The Egolf Patent Collection
The Jacob Burns Law Library recently acquired the collection of Christopher Egolf, Law School class of 1975, who was an avid collector of patents and patent practice materials. Mr. Egolf died in 2016, and his son, Peter, generously donated his collection to the Law Library in 2017.
After earning B.S. and M.S. degrees in chemical engineering from MIT, Mr. Egolf worked as a chemical engineer for three years. He then enrolled at GW Law and, during his career as a patent attorney after graduating, worked both in-house and in private practice. Mr. Egolf also owned his own consulting firm, which he ran from 2005 until 2016, when he retired.
His collection comprises thousands of patent-related items, including American and foreign patents, books about patents and patent laws, correspondence, postcards, patent models, brochures and pamphlets issued by patent attorneys and agents, and stereoscopic photographs of the United States Patent Office (which now houses the National Museum of American Art and the National Portrait Gallery). It offers fascinating insights into the development of the American patent system and the practice of patent law, particularly during the nineteenth century, and their contributions to industrial America.

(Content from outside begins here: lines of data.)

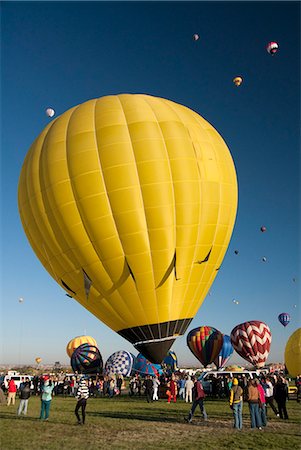 people and air - The 2012 Balloon Fiesta, Albuquerque, New Mexico, United States of America, North America Stock Photo - Rights-Managed, Code: 841-06616619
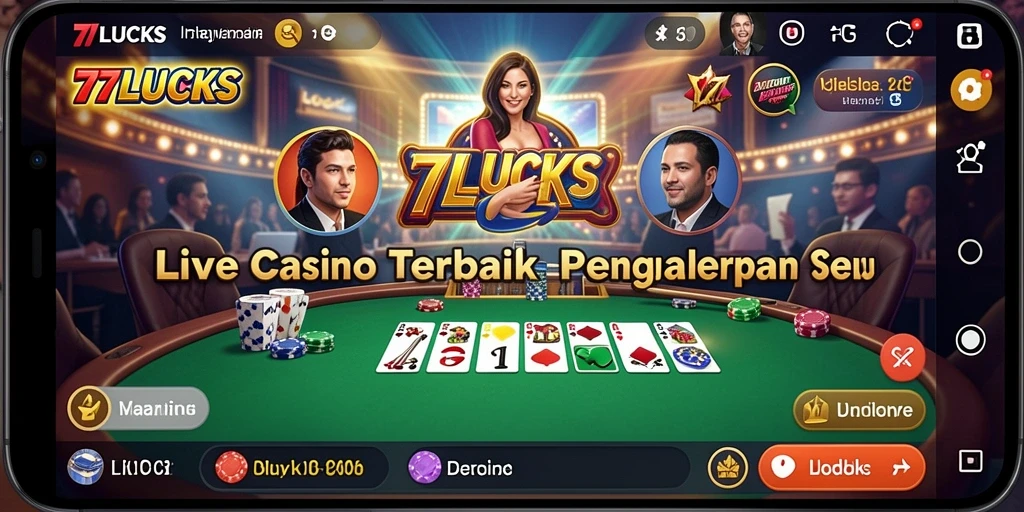 Tampilan gameplay seru dan interaktif di 77LUCKS Live Casino.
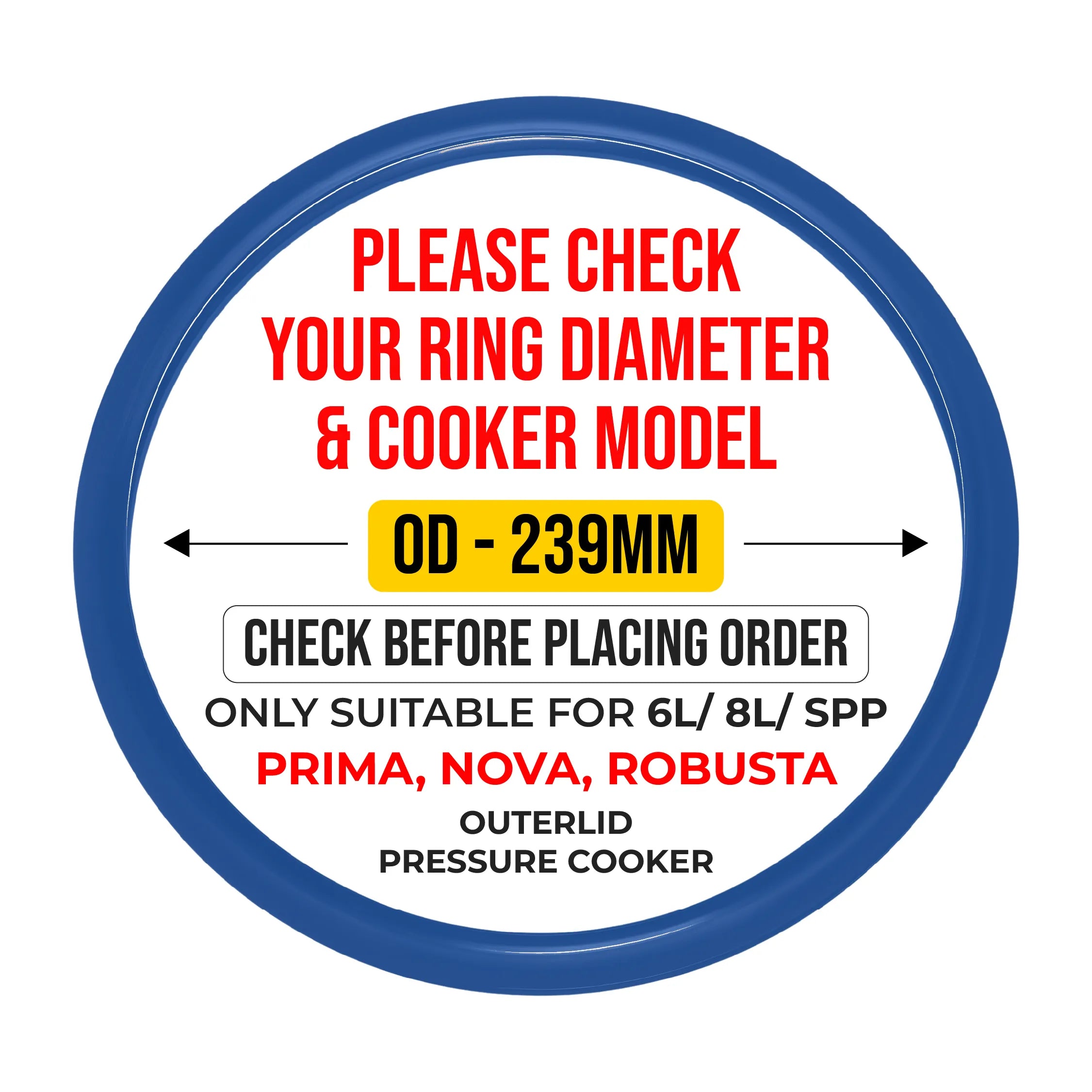 Gasket Silicone Medium Prima - Master
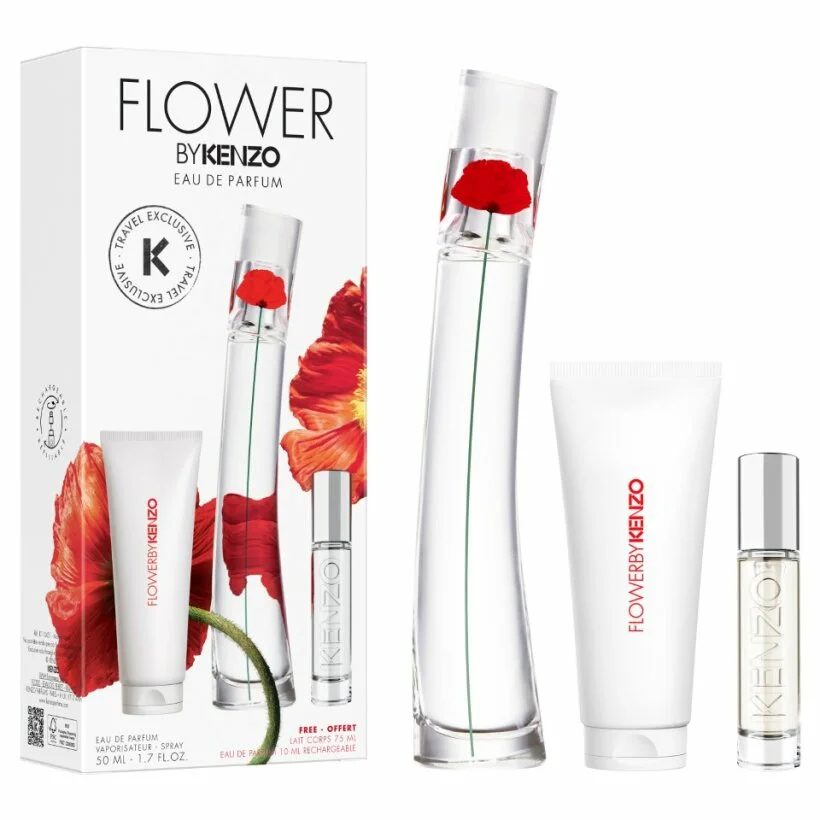 신세계인터넷면세점-겐조(코스메틱)-perfume_for_woman-플라워바이겐조 오 드 퍼퓸 50ML 트래블 세트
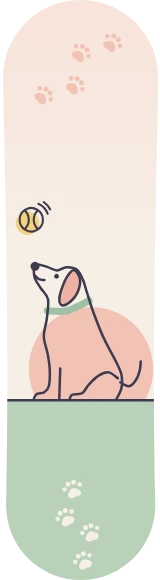 Diseño de skate «Amantes de los perros · Retrato de una sola línea»: Mascotas, Perro, Regalo, Animales, Balón, Líneas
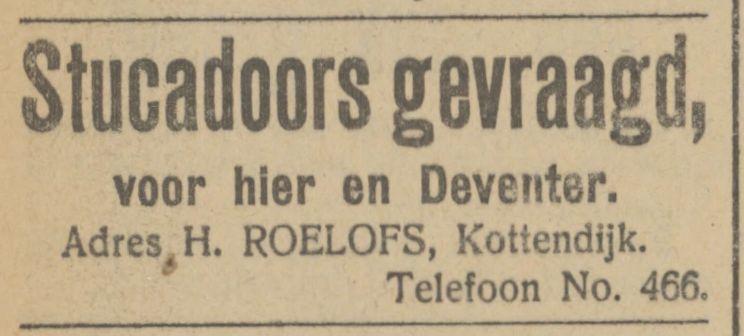 Kottendijk 16 H. Roelofs stucadoor  advertentie 22-3-1913.jpg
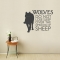 Wolves Do Not Lose Sleep...Wall Quote Decal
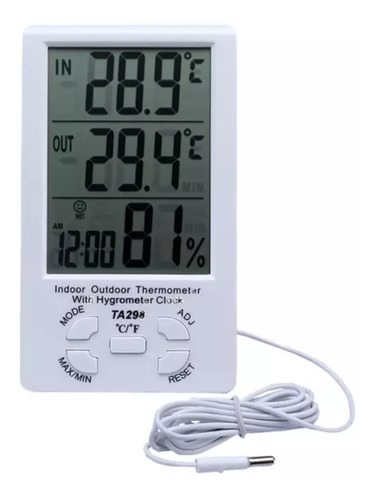 Ta298 Termohigrometro Con Sonda Higrómetro Humedad Temperatu
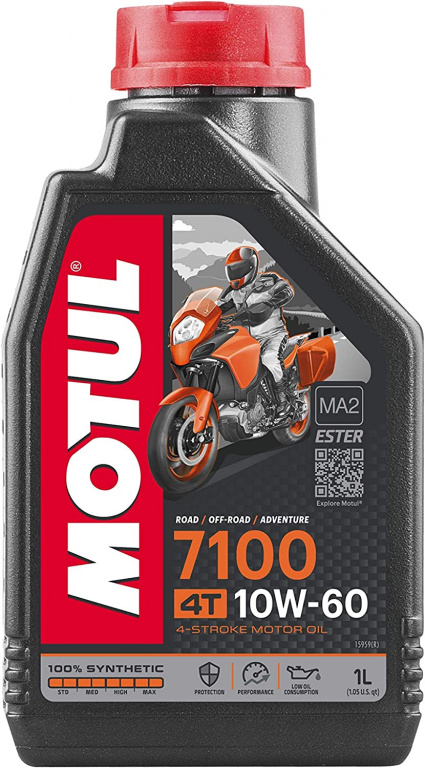 Ulei Motor Motul 7100 4T 100% Syntetic 10W-60 1L 104100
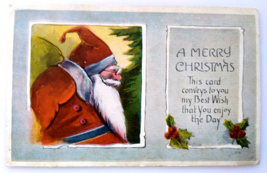 Santa Claus Merry Christmas Postcard Saint Nick With Glasses Series 241 Vintage - £12.26 GBP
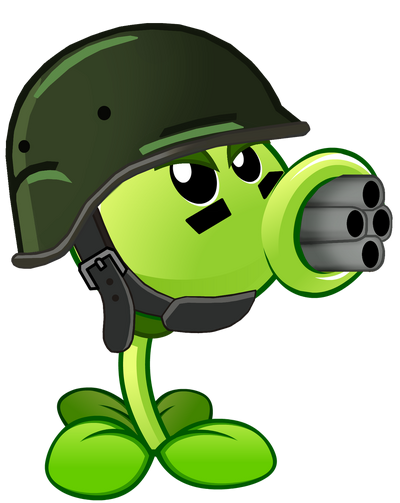 Plants vs. Zombies Peashooter illustration, Plants vs. Zombies 2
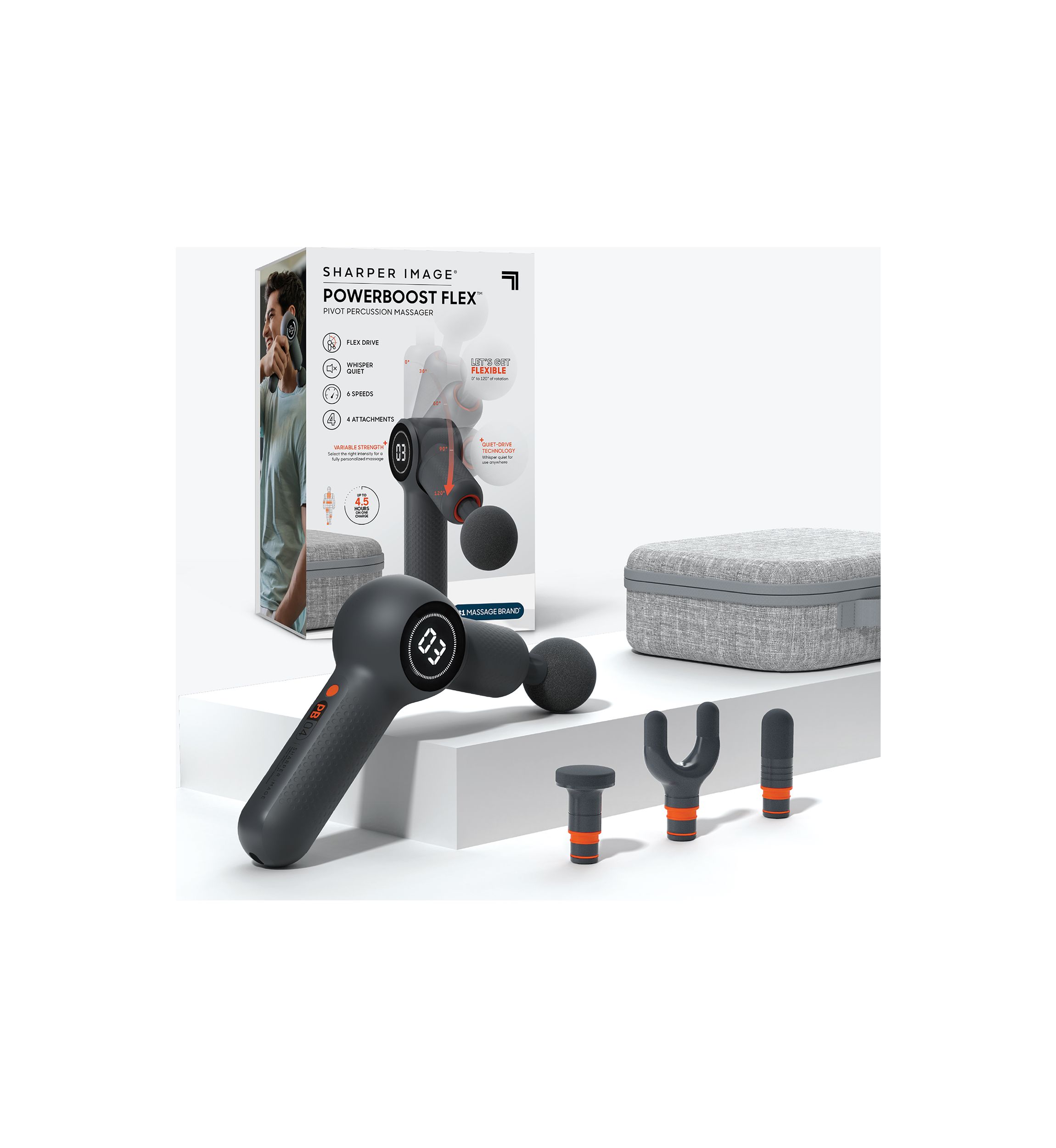 Powerboost Flex Pivot Percussion Massager
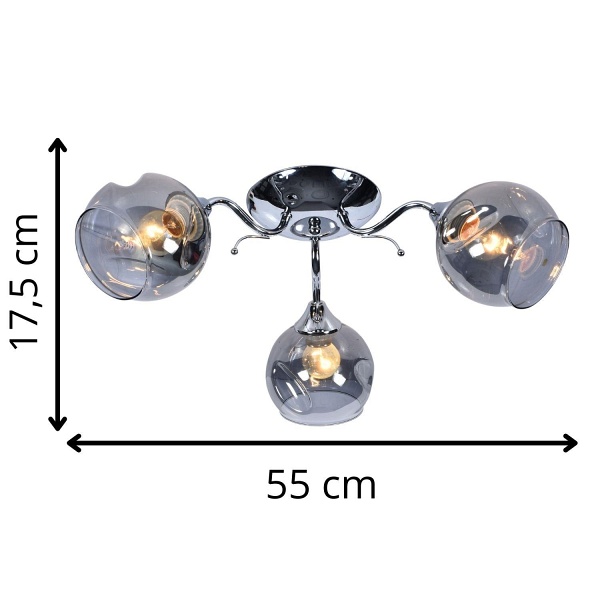 Żyrandol Rivoli 3 Lampex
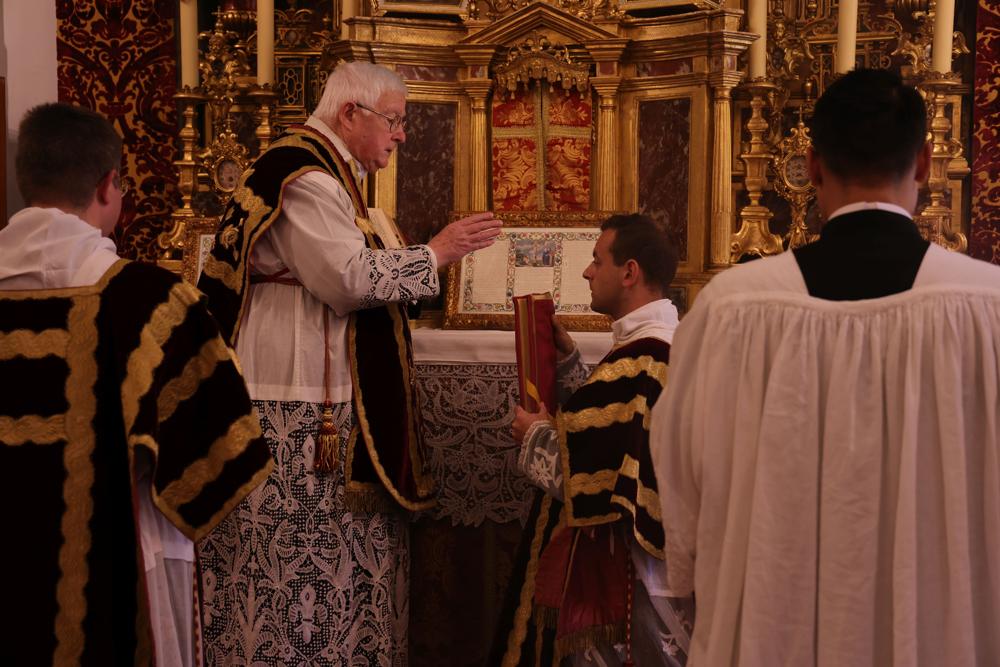 Bénédiction du diacre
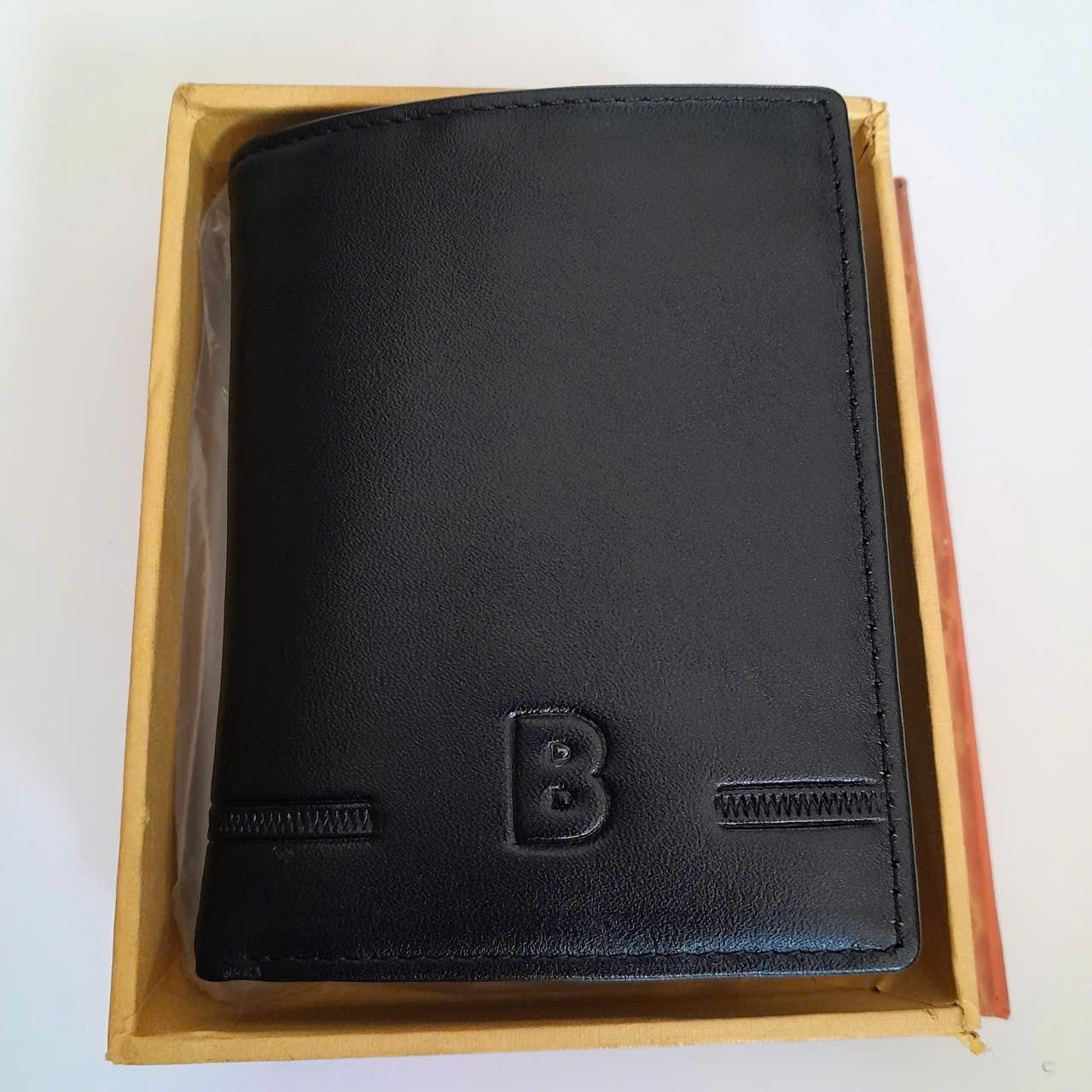 Bóp Ví Đứng Nam Da Bò Thật Cao Cấp HKT Shop VN700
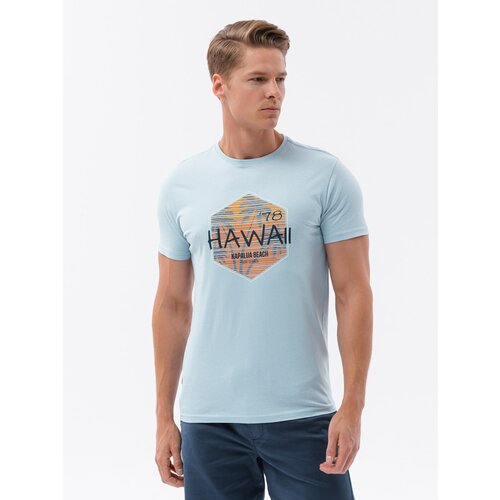 Ombre Men's printed cotton t-shirt Cene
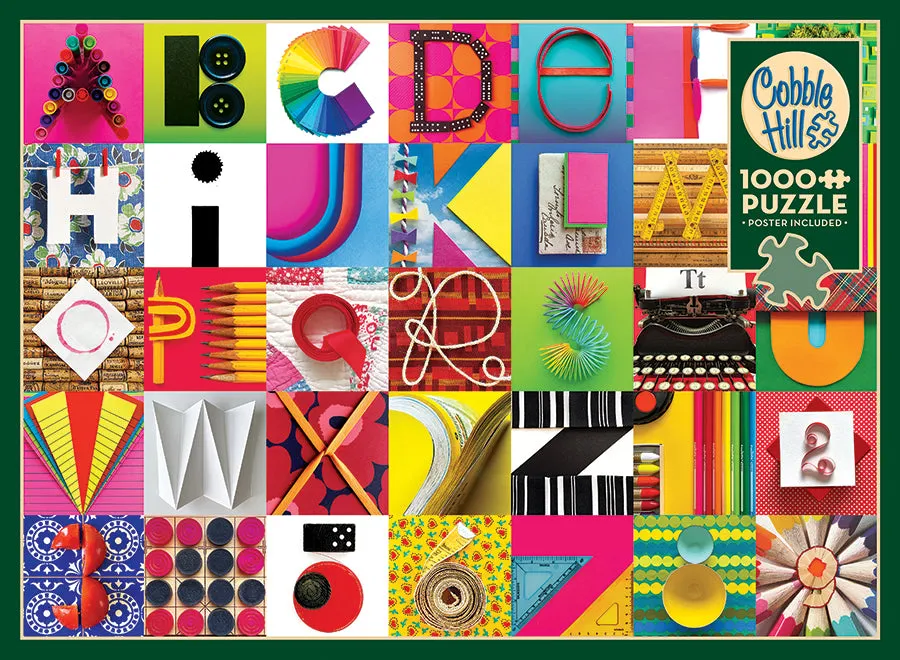 Cobble Hill Found Alphabet puzzle 1000 piese litere
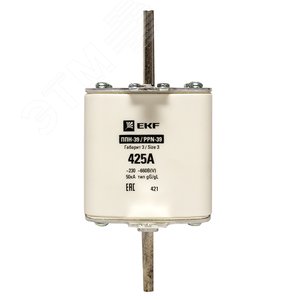 Вставка плавкая ППН-39 630/425А габарит 3 3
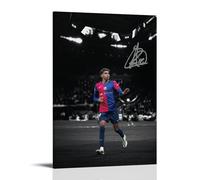 Zbwqlte Stampa artistica da parete con immagine di Lamine Yamal Soccer SuperStar su tela, idea estetica per stanza, 50 x 75 cm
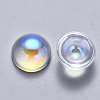 Transparent Glass Cabochons X-GLAA-S190-013A-F01-2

Included among the more than 150 patents in the Egolf Patent Collection are two signed by President Thomas Jefferson (in 1805 & 1806) and ones signed by Presidents John Quincy Adams (in 1827) and Andrew Jackson (in 1836). (Patents such as these are often called “Presidential Patents” on account of their notable signatures, although Abraham Lincoln is the only U.S. president to have been granted a U.S. patent, Patent No. 6469, for a device to lift boats stuck on sandbars.) Pursuant to the Patent Act of 1790, which created the United States Patent Office, patents had to be signed by the President, the Secretary of State, and the Attorney General. In 1836 this function was assigned to the Commissioner of Patents.
The collection contains ten boxes of books about patents and patent laws. Titles range from George Ticknor Curtis’s A Treatise on the Law of Patents for Useful Inventions, as Enacted and Administered in the United States of America (1873) to Christopher B. Cooper’s Patently Absurd: The Most Ridiculous Devices Ever Invented (2004). The Law Library has cataloged the books that it had not owned and has made them discoverable through its catalog, JACOB: http://law.gwu.libguides.com/researchportal.
The Law Library currently has on display an exhibit of some of the items in the collection, including a patent granted in 1806 that is signed by Thomas Jefferson as President and James Madison as Secretary of State (to James P. Wightman of Massachusetts for a mixture to render woolen cloth waterproof), a model of a brick-making machine patented in 1865, and a letter written in 1839 by Henry Leavitt Ellsworth, who was serving as the first Commissioner of Patents, responding to an inquiry about planing machine patents.
The Law Library is most grateful to Peter Egolf for his generosity in donating his father’s patent-related collection to GW Law.